This is a free translation of a sarcastic comment from a Slovakian netizen in Central European netizen.

A similar but more sophisticated view  you could find in FutureChallenge’s article “What’s the matter with European Socialism“: “The trouble is that many economists believe this [German] economic success came at the expense of other European countries.”

But it’s not sure from what he’s saying whether the author wants just to criticize trouble-making economists. So let’s make it a bit clearer: “And it has been catastrophic for the rest of the eurozone as Germany has acted, in effect, as a drag on demand.”

What’s making the Germans such scapegoats? The author of this article says: “labor costs in Germany no longer rose in line with the European average, so investment moved from other eurozone countries to Germany, and German growth was driven by exports to the peripheral countries’ unsustainable deficits and economic bubbles.”

In simple language, Germans avoided wages growing faster than the growth of their productivity, and even blindly sponsored peripheral countries in the eurozone.

Unit labour costs “are the ratio of total labour costs to real output”. So their growth in the peripheral countries could indicate that their productivity grows slower than wages. Thanks to this investment naturally “moved from other eurozone countries to Germany”, with a threat to leave the eurozone.

In the public sector growing income (together with other social expenditures) created “unsustainable deficits”, often paid for by bubbles or loans from abroad, let’s say from Germany.

In fact this was one the reasons why Greece collapsed sooner than other more indebted economies, which hold their debts in their own hands.
Related debt forgiveness created loses (also) for German investment funds. After the fall of German real income over the last decade (which, for example, forced more Germans to take on second jobs) this marks the second loss for Germany.

The current issues facing the euro could have been avoided. The establishment of the eurozone went hand in hand with strict rules to avoid easy government debts. 3% of a country’s GDP was seen as the maximum annual rate of debt a country could incur. The safe limit for total accumulated debt was set at 60%.
All of these limits were exceeded – by Germany as well – and south countries soon flet the effect of growing interest rates on their debt.

Another rule also broken during the recent crisis was that countries can’t be funded by the European Central Bank. Look at the Japanese example, which was surprisingly cited positively in the article, Japanese accumulated debt is over 200% of GDP.

“It has been catastrophic for the rest of the eurozone” as countries acted against effective control of these  rules. Not to mention that Greece had entered the eurozone on the strength of falsified numbers and is now paying for it.

Recently there has been “criticism of the eurozone’s new fiscal discipline treaty”. But it is hard to name any country with debt slightly below 3% of its GDP that has been disciplined. Government income is not 100% of GDP but several times less which means that real debt is a double digit percentage of its income.

In the game of balancing government budgets, there is also the question of how efficient the tax collection is  – a problem Slovakia faces along with the countries of the south.
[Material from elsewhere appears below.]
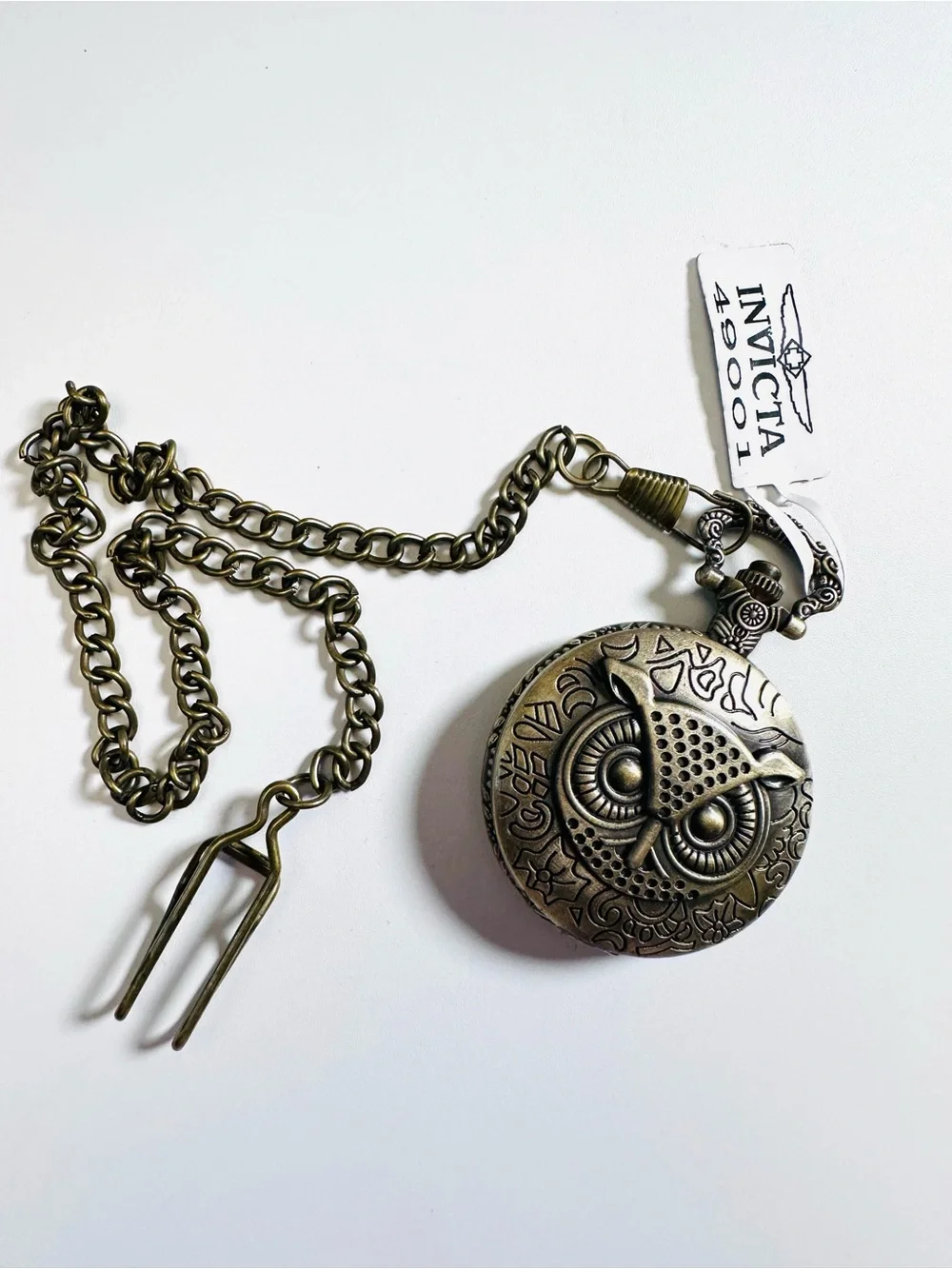 INVICTA NOCTURNAL Owl Pocket Watch w/Chain NWT/Box UNTESTED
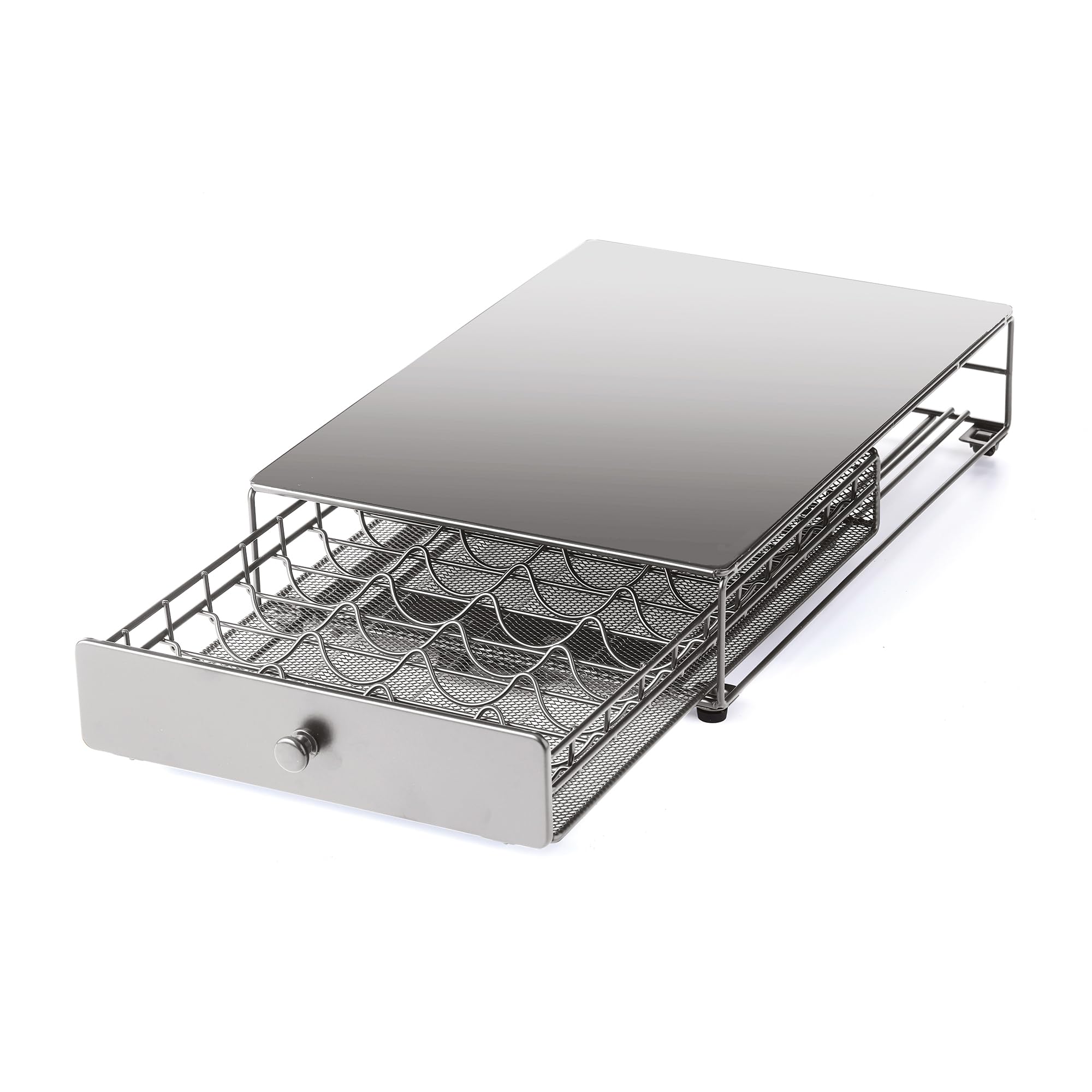 Starfrit Coffee Pod Capsule Drawer - Holds up to 40 Nespresso Vertuoline Pods - Under Brewer Storage Rolling Drawer - Silver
The article correctly states that direct income cuts are problematic. But a way must be found to balance wages and productivity in peripheral countries.

The article also mentioned that losing the possibility of a fall in wages by local currency devaluation could be a minus but is not necessary KO criteria. One of the arguments against this is the negative influence of devaluation given  the high dependancy of south Europe on their energy=oil imports.

High unemployment, especially among young people, is another problem afflicting the countries of Europe’s ‘periphery’. This has to be addressed by utilizing unused Euro-funds where just small Slovakia could theoretically receive 2.3 billion Euro to support job creation for people under thirty. In a first concrete step the Slovak government is going to spend 270 millions euros. The unemployed and taxpayers can just hope that this state investment will have a better fate than the so-called “social enterprises” established in Slovakia which ended up generating private profits from Euro-funds.